Basic Rock Climb - Yellowjacket Tower/East Flank

A successful and fun rock climb on a mostly gorgeous (though slightly smoky) day with a team of Basic students getting in graduation climbs.

  • Road suitable for all vehicles
  • On this dry, temperate day, the route was exactly as we’d expected: a very steep half mile bootpath hike; a steep scramble through a dirty gully with rock fall danger - including a few C4 boulder moves; a hidden gully; a first pitch of 50’ with a combo of dihedral, crack, and face climb; followed by a 25-30’ tower climb. Due to recent fires, there was a presence of smoke rated as Moderate, which we determined was acceptable to proceed.

After extensively monitoring smoke reports all week from recent fires (highly recommend WA Smoke and, our group met at the Snow Lakes trailhead by the bathrooms at 7 then caravanned 2 miles up Icicle Creek Rd to the Yellowjacket pull-out on the left at 47.54442, -120.74418. There were many many many cars and hikers in the area preparing to do the Enchantments through-hike or larch-hunt. As a group, we briefed and determined that we were okay with proceeding with the current amount of smoke.

We crossed the bridge, and made our way to the beginning of the steep initial hike – being mindful that the bridge crossing area is on private property, so we kept voices low.

We entered a band of smoke around 2100’, which affected one party member, but we agreed to proceed and entered what I dubbed “nature’s garbage chute”: consisting of branches, limbs, dirt, sand, scree, and every other thing under the sun. After picking our way through, we went right of the large chockstone and climbed a few Class 4 boulders, which are spicy enough to recommend coaching if necessary. We made our way up the gully toward the base of the infamous chickenhead wall (arrow), where you’ll find the start of the “hidden gully.”

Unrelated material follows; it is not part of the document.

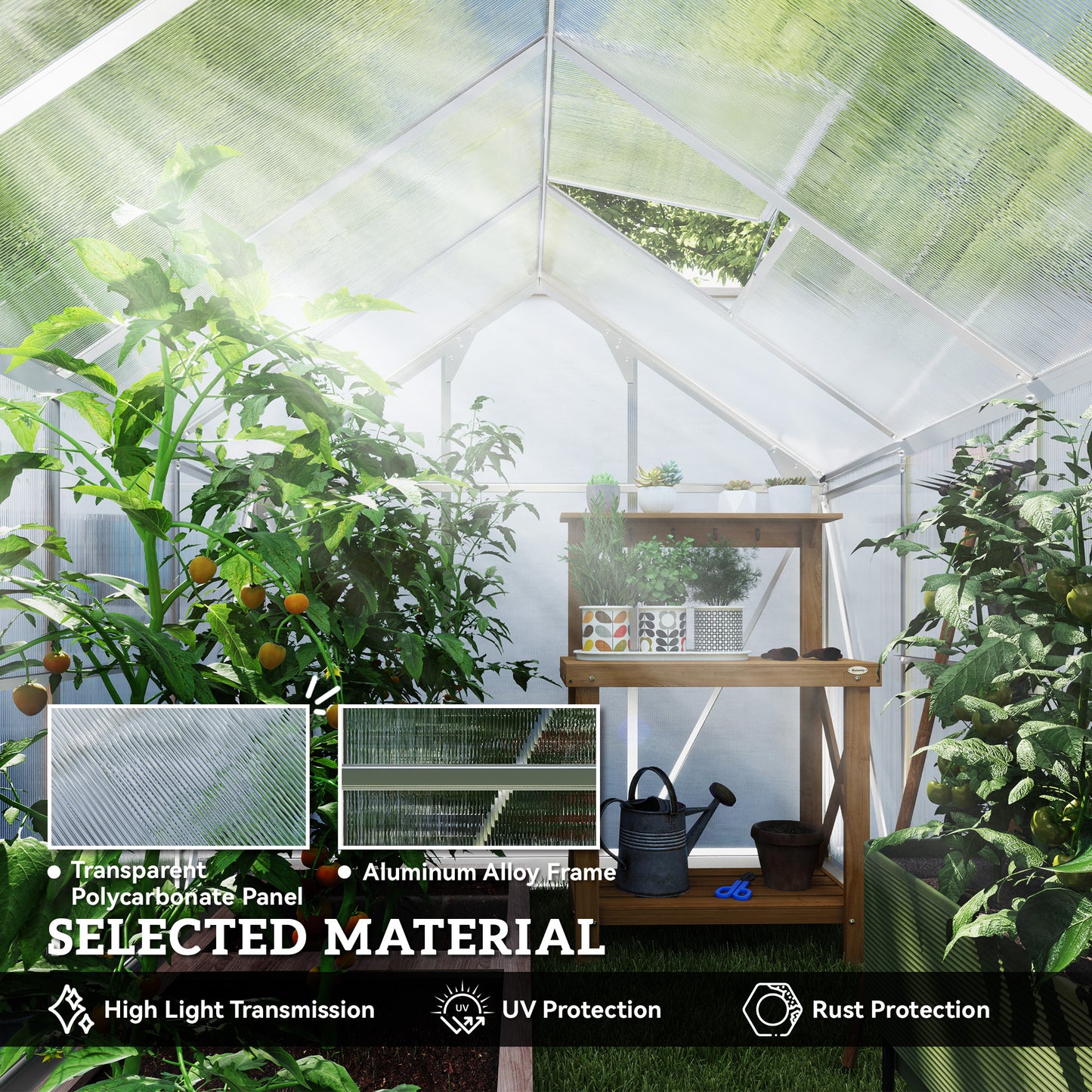 6' x 10' x 6.6' Polycarbonate Greenhouse, Walk-In Green House Kit Garden, Plants Grow, Galvanized Sheet Aluminum Frame with Rain Gutter, Vents and Sliding Door, Sliver Walk In Greenhouses at Gallery Canada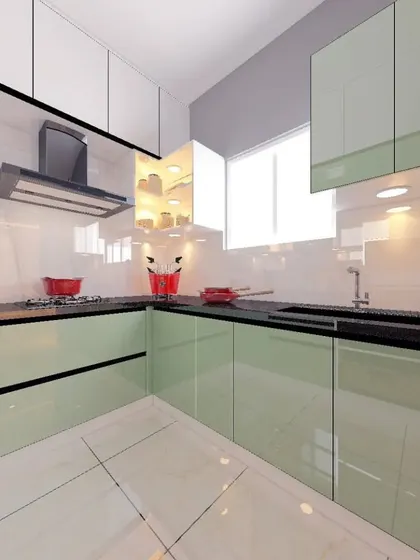 This angle of the kitchen highlights the corner storage and the ample counter space available for food preparation.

Aim for the chickenhead wall

Chickenhead wall

At the base of the hidden gully (below), we dropped packs, roped up, decided on a plan, and the first rope leader led and set a handline for the remaining group while he proceeded up pitch 1 and then the summit pitch.

the hidden gully

Allowing leader 1 to continue without waiting for everyone at pitch 1 keeps things moving, saves time, and also keeps the base of pitch 1 clearer. There is a Class 4 move in the gully, where we found tacking right to be a good option.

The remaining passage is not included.